Creating Menu Modules

In this section, you will explore the following points related to creating menu modules:

This section lays the groundwork of knowledge you need to create your own menus and toolbars. You will start by being introduced to the components of a menu and the Menu Editor. With that as a basis, you will then learn how to create custom horizontal and vertical menus, how to easily generate horizontal and vertical toolbars containing buttons corresponding to items in your menus, and how to create context-sensitive pop-up menus that appear when the user right-clicks on an object.

Menu Components

Form Builder provides a Menu Editor enabling you to design menus graphically. Shown in Figure 19-1, the Menu Editor provides a layout that will be familiar by now: a toolbar of buttons at the top providing quick access to often-used functions, a drop-down list to change what object is being viewed, and a design area in which you do your work graphically.
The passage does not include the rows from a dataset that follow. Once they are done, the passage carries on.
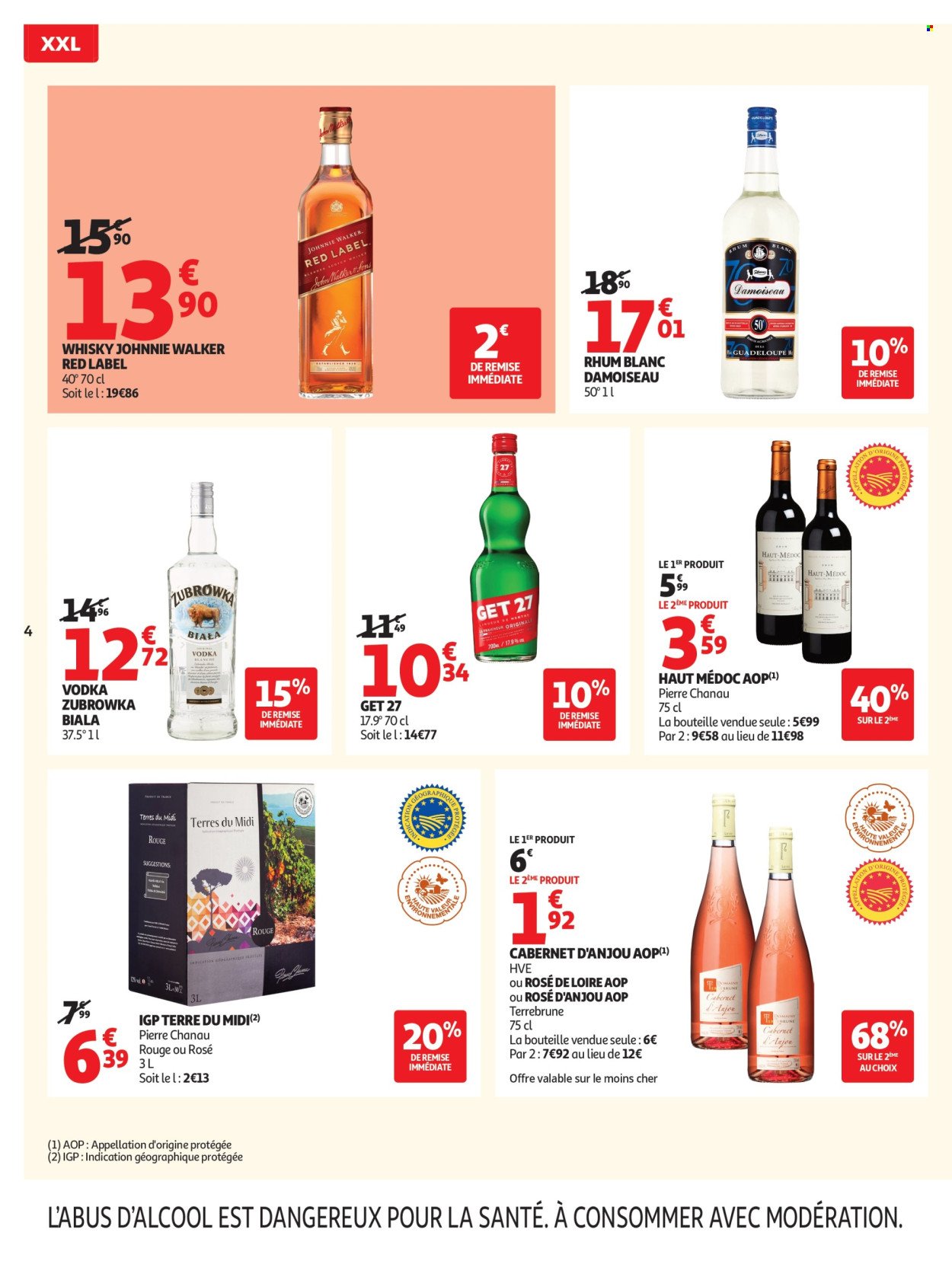 Catalogue AUCHAN - Promos XXL supermarchés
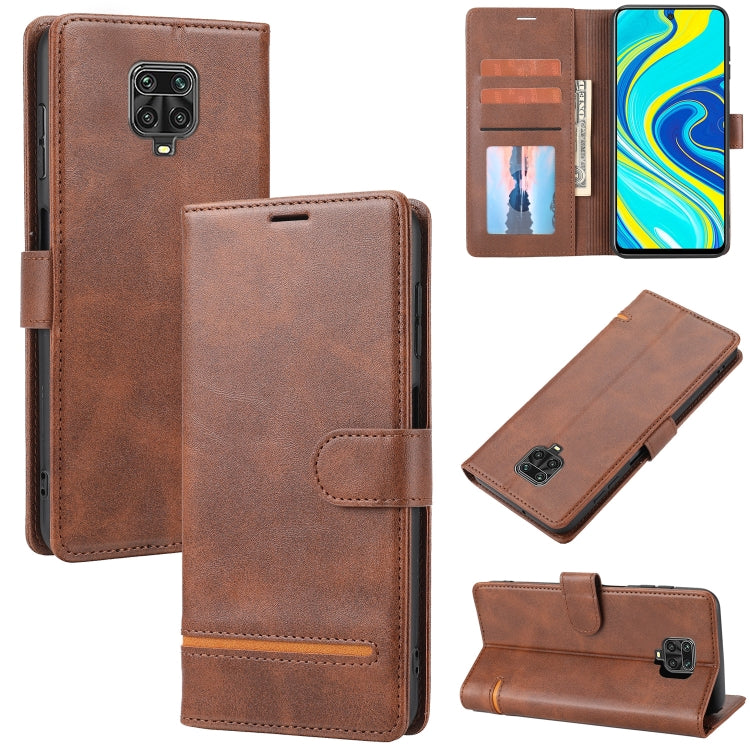 Classic Wallet Flip Leather Phone Case, For Xiaomi Redmi K50 / K50 Pro, For Xiaomi Redmi Note 8, For Xiaomi Redmi Note 8 Pro, For Xiaomi Redmi Note 9 4G Global, For Xiaomi Redmi Note 9S / 9 Pro, For Xiaomi Redmi Note 9T / 9 5G, For Xiaomi Redmi Note 10...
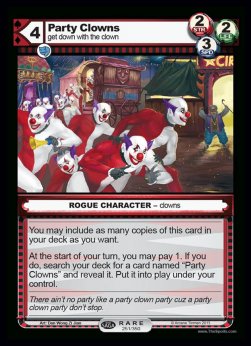 Party Clowns - Seed Saga: The Descent of Gideon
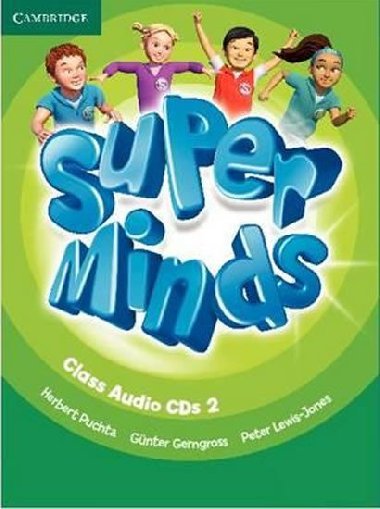 Super Minds 2 Class Audio CDs (3) - Puchta Herbert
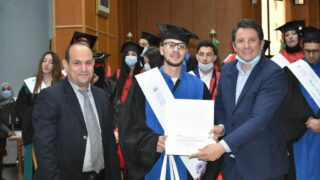 Ceremonie de remise des prix aux laureats de l annee universitaire 2020 2021 lundi 21 fevrier 2022238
In addition, starting the Menu Editor alters Form Builder’s menus, replacing the View and Navigator menu categories with a single Menu category.

Figure 1: Menu Editor sample screen

When you build a custom menu, the menu itself cannot do any work; it serves only to organize the objects contained within it. The main menu organizes individual menus. Each individual menu organizes menu items, which provide access to the actual functions you build into the menu system. While all of these different types of objects are stored in a single menu module (.mmb) file, they have a hierarchical relationship with each other. This is reflected within the Object Navigator by a traditional tree layout. Figure 19-2 depicts how selecting an item in the Menu Editor causes that item to be selected in the Object Navigator’s object tree. The reverse is also true: select an item in the Object Navigator’s object tree and it will be selected in the Menu Editor as well.
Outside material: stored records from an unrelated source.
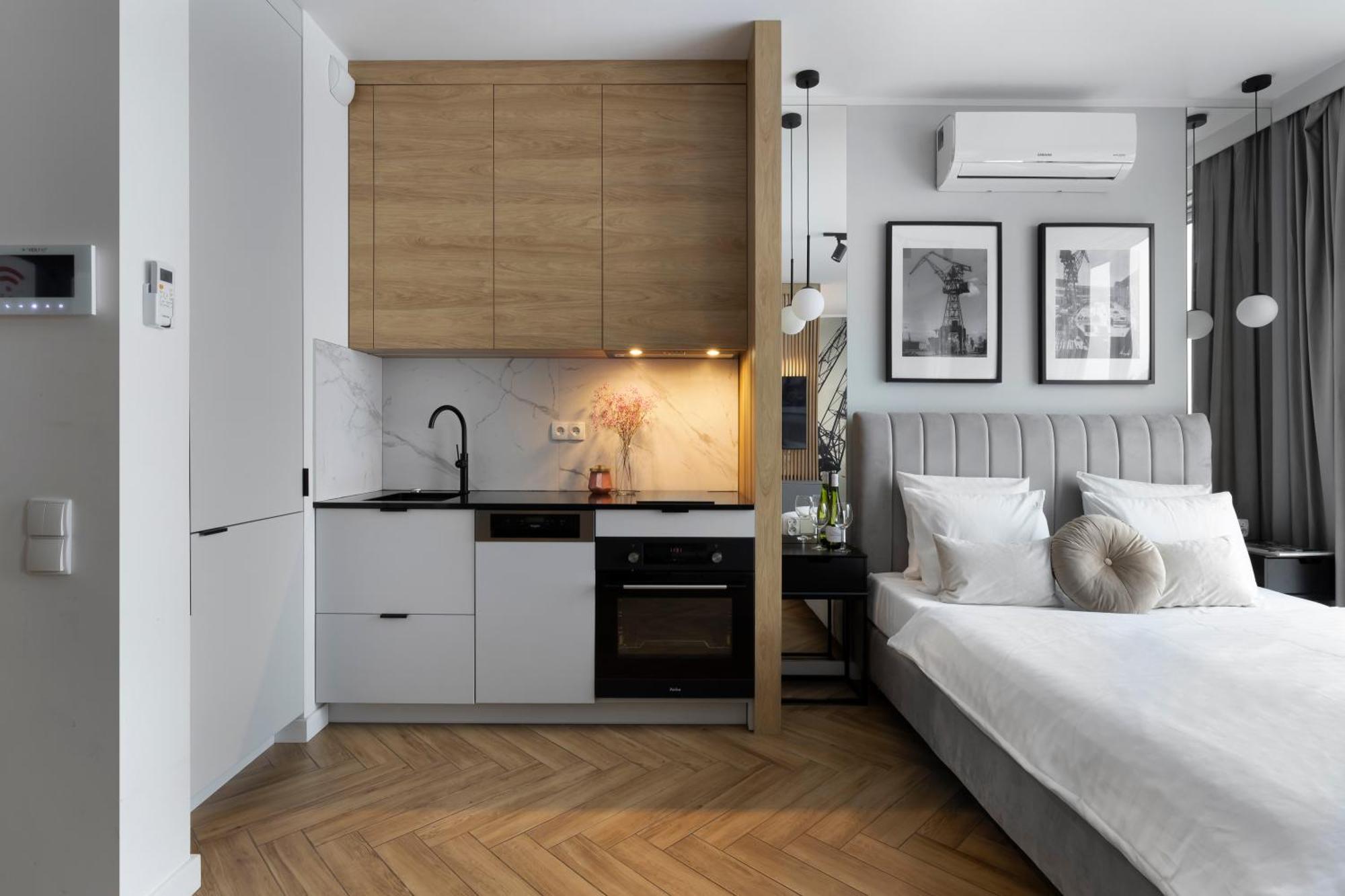 Elite Apartments Chlebova Premium Гданьск Экстерьер фото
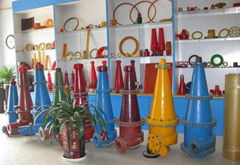 Mineral processing machine classifying machinery classification equipment hydroc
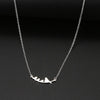 Stainless Steel Necklaces Animal Birds Couple Pendant Chain Charm Collar Necklace For Women Jewelry Party Friends Gifts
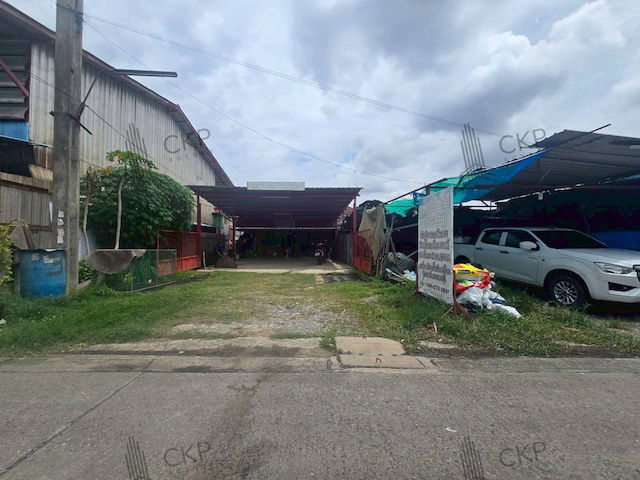 picture Vacant land in Soi Panthongniwet 1, Lam Luk Ka-Pathum, size 200 sq wa, near Lam Luk Ka Road, near shopping malls - 1/10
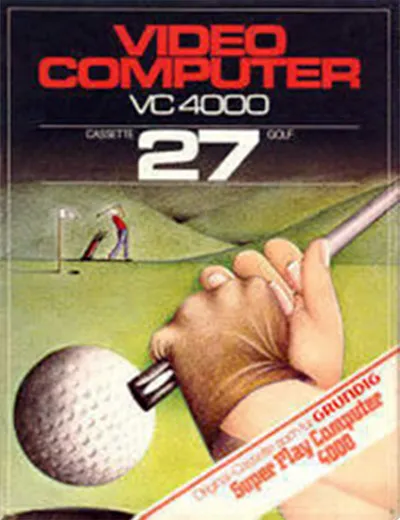 Golf box art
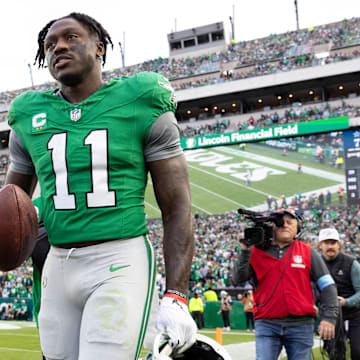 Brown had 67 catches for 1,079 yards and seven touchdowns during the 2024 season.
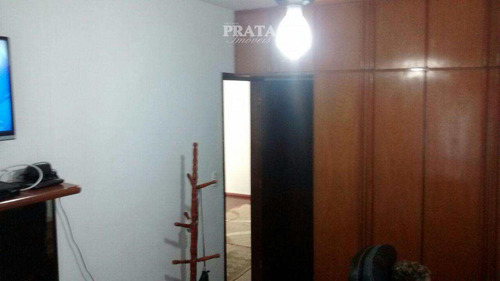 Imagem 8 de 15 de Santos Campo Grande 2 Dorm Dep Empregada Piscina 1 Vg - V397287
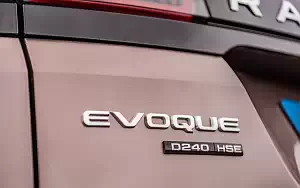 ���� ���������� Range Rover Evoque D240 HSE UK-spec - 2019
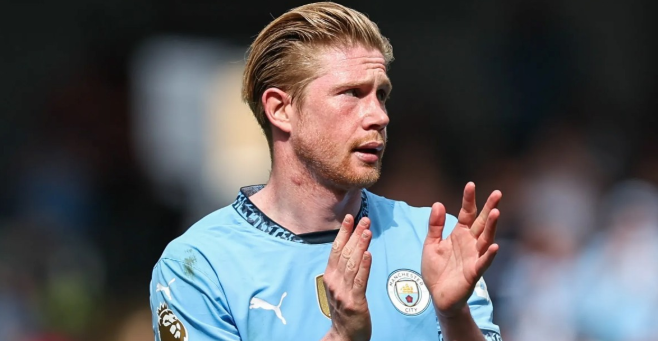 乔-科尔力荐切尔西签回德布劳内：经验领袖可稳军心，蓝军亟需老将传帮带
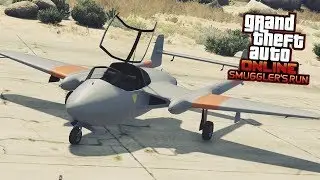 GTA Online - Buckingham Pyro [Обновление Smuggler's Run] XBOX ONE X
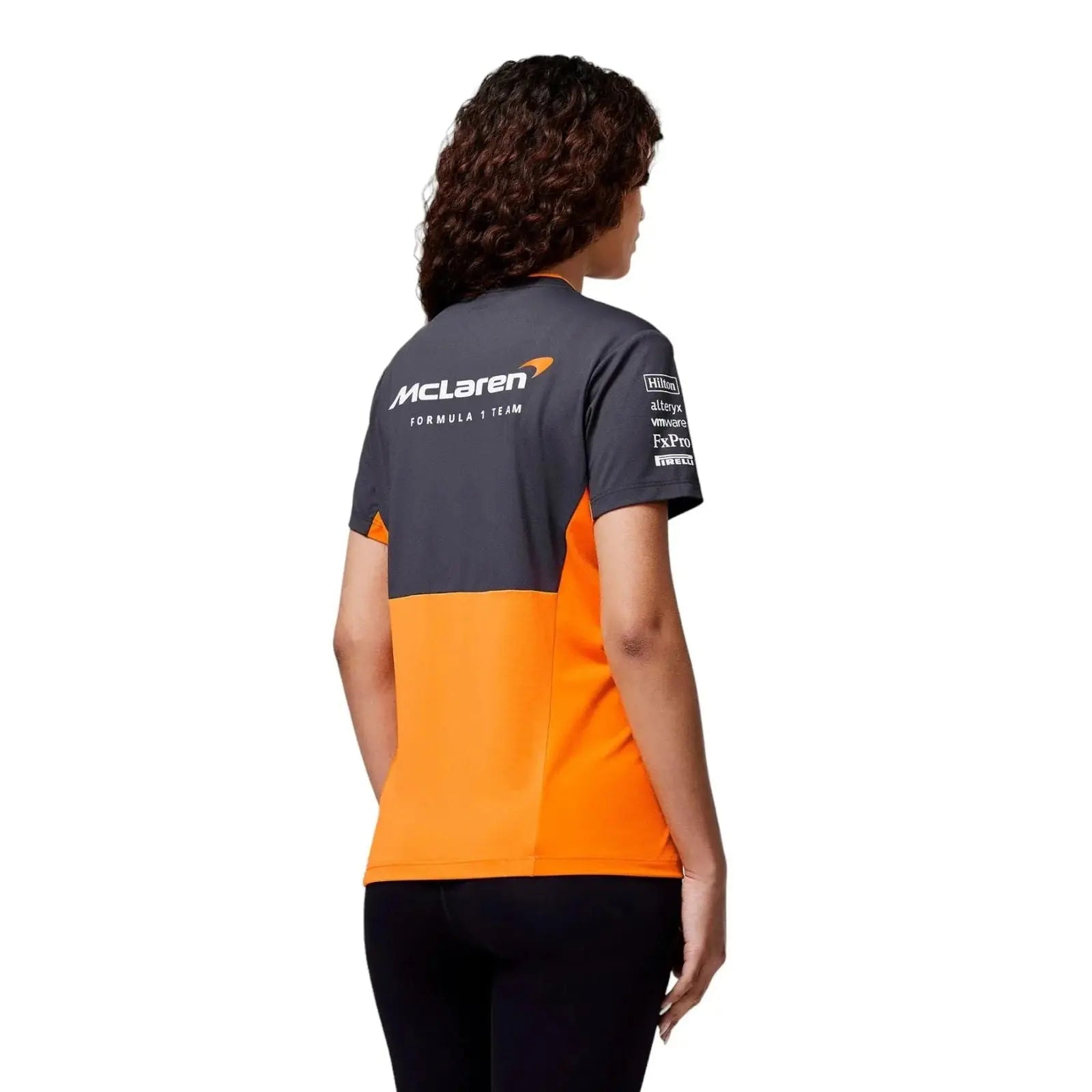 McLaren Women's Set Up T-Shirt | Official Formula 1 Teamwear image 2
In the Menu Editor, individual menus can be expanded or collapsed by clicking on the arrow to the right of each menu name. For instance, in Figure 19-1 the File, Edit, and Tools menus are all open, and to the right of each of their names is a small, hollow upward-pointing arrow. Clicking on that arrow would cause the items in the individual menu to collapse upward; the items would no longer be visible. Conversely, the View and Help menus are closed, reflected not only be the lack of menu items beneath them, but by the small, solid, downward-pointing arrow to the right of their names. Clicking on that arrow would cause the menu to expand, exposing its items.

To the left of each menu’s top-left corner is a small gray tab. This is the menu handle, which allows you to drag the entire menu from place to place.

Figure 2: Menu item selection coordination

Exercise


  1. What actions can the main menu object perform?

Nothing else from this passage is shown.